About this task
A word-for-word restatement of the full listing is required.

Material provided
****
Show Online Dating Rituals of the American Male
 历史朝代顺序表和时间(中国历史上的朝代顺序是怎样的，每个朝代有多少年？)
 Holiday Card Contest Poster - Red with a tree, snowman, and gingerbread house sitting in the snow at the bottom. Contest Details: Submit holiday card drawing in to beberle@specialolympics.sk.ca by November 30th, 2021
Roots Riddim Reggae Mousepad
****
Answer to the exercise
Show Online Dating Rituals of the American Male
 历史朝代顺序表和时间(中国历史上的朝代顺序是怎样的，每个朝代有多少年？)
 Holiday Card Contest Poster - Red with a tree, snowman, and gingerbread house sitting in the snow at the bottom. Contest Details: Submit holiday card drawing in to beberle@specialolympics.sk.ca by November 30th, 2021
Roots Riddim Reggae Mousepad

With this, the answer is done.